● **Task description**
Please go line by line and repeat the data below exactly, with no images.

● **Dataset**
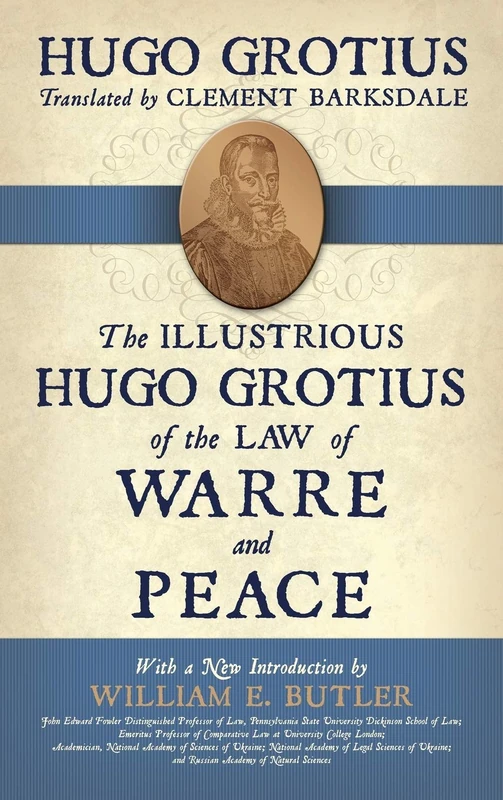 The Illustrious Hugo Grotius of the Law of Warre and Peace: 3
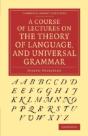 A Course Of Lectures On The Theory Of Language, And Universal Grammar - Preview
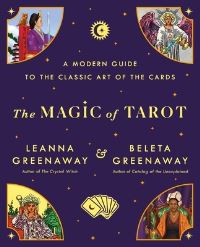 Book Cover for The Magic of Tarot by Leanna Greenaway, Beleta Greenaway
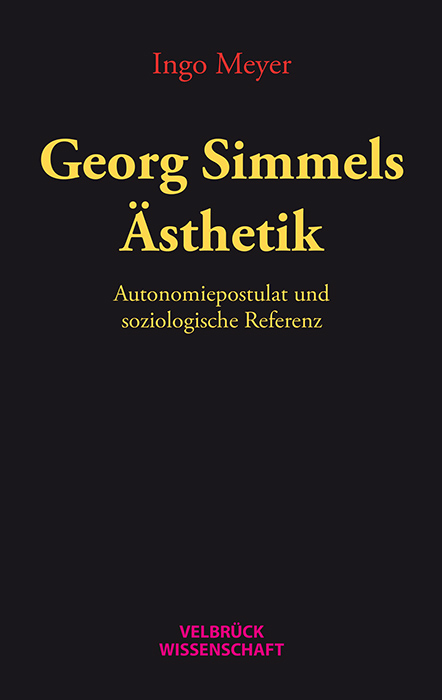 Georg Simmels Ästhetik - Ingo Meyer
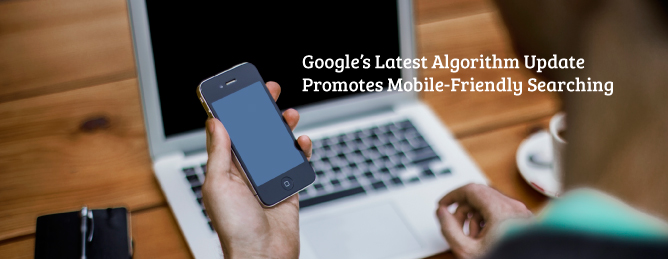Google Algorithm Update Promotes Mobile-Friendly Searching Google Algorithm Update Promotes Mobile-Friendly Searching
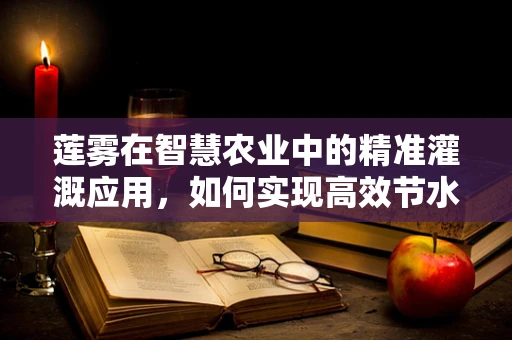 莲雾在智慧农业中的精准灌溉应用，如何实现高效节水？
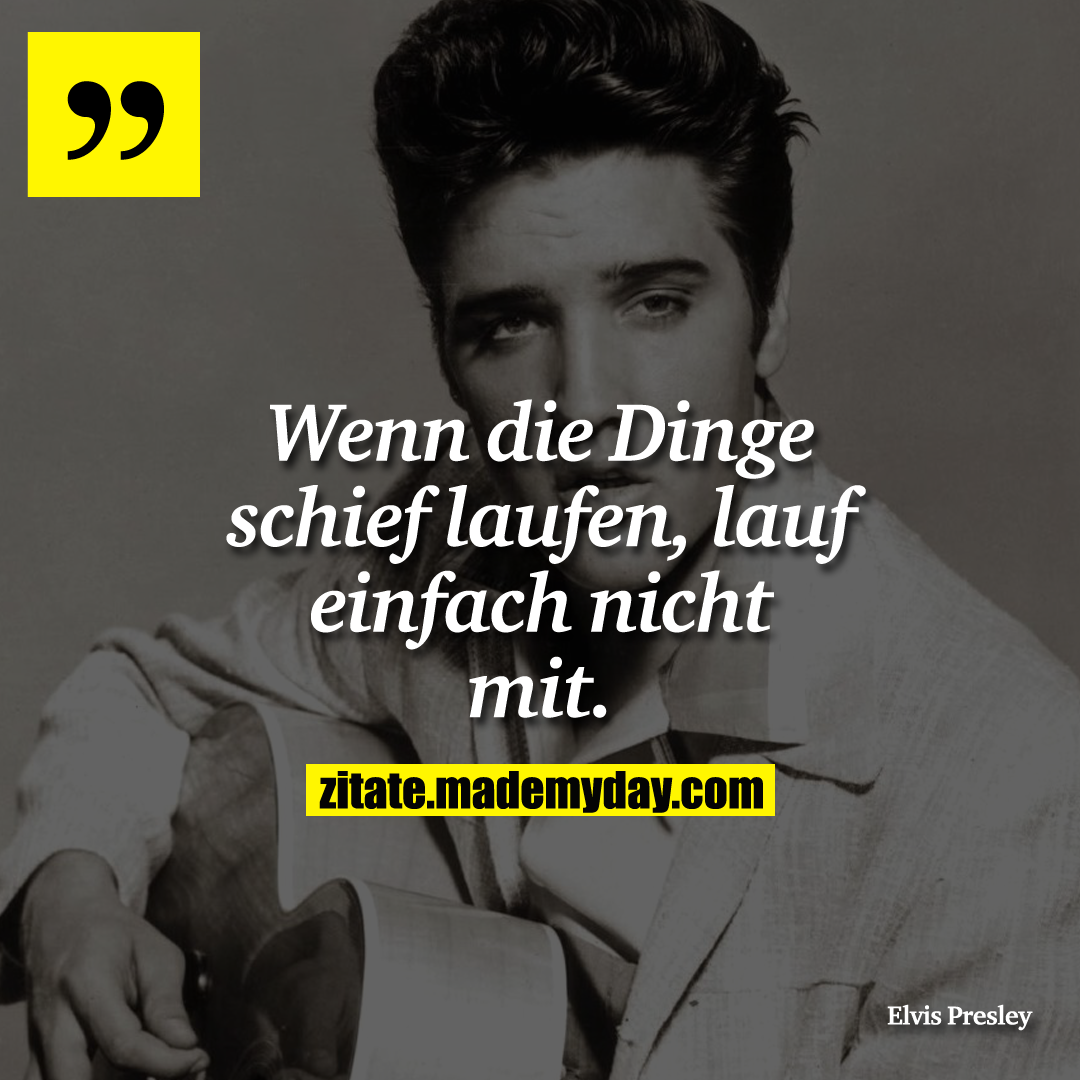 Wenn die Dinge schief laufen ... <br />
lauf einfach nicht mit.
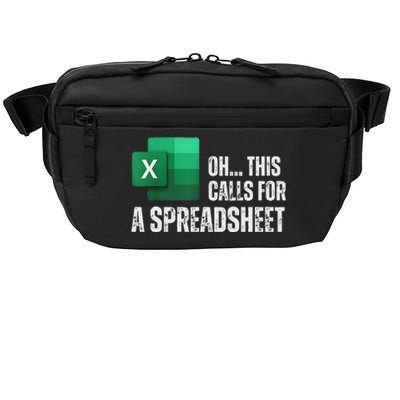 Oh This Calls For A Spreadsheet Funny Office Crossbody Pack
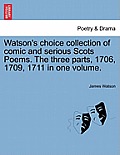 Watson's Choice Collection of Comic and Serious Scots Poems. the Three Parts, 1706, 1709, 1711 in One Volume.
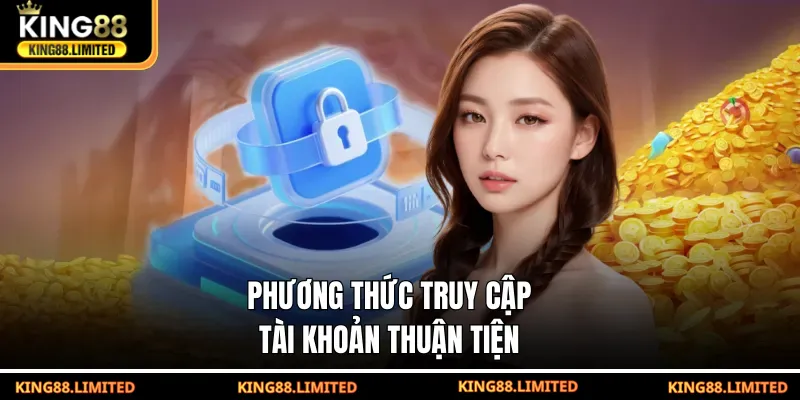 Phương thức truy cập tài khoản thuận tiện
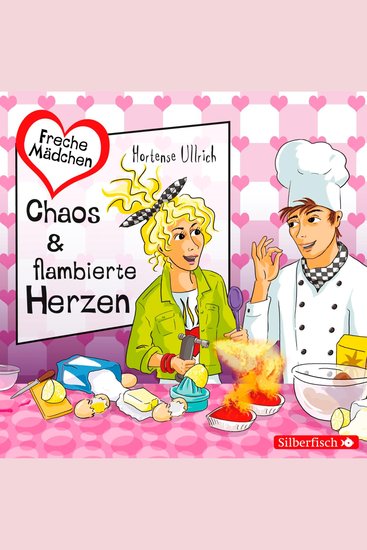 Freche Mädchen: Chaos & flambierte Herzen - cover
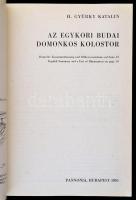 H. Gyürky Katalin: Az egykori budai domonkos kolostor. Bp., 1976, Pannonia. Kiadói papírkötés, feket...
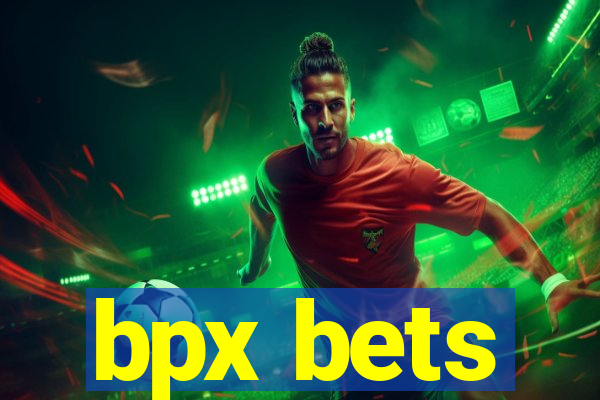 bpx bets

● **Written response**
 The Illustrious Hugo Grotius of the Law of Warre and Peace: 3
 A Course Of Lectures On The Theory Of Language, And Universal Grammar - Preview
 Book Cover for The Magic of Tarot by Leanna Greenaway, Beleta Greenaway
 Georg Simmels Ästhetik - Ingo Meyer
Google Algorithm Update Promotes Mobile-Friendly Searching Google Algorithm Update Promotes Mobile-Friendly Searching
 莲雾在智慧农业中的精准灌溉应用，如何实现高效节水？
 Wenn die Dinge schief laufen ... <br />
lauf einfach nicht mit.
 Oh This Calls For A Spreadsheet Funny Office Crossbody Pack
 Watson's Choice Collection of Comic and Serious Scots Poems. the Three Parts, 1706, 1709, 1711 in One Volume.
 Phương thức truy cập tài khoản thuận tiện
 Freche Mädchen: Chaos & flambierte Herzen - cover
 H. Gyürky Katalin: Az egykori budai domonkos kolostor. Bp., 1976, Pannonia. Kiadói papírkötés, feket...
 bpx bets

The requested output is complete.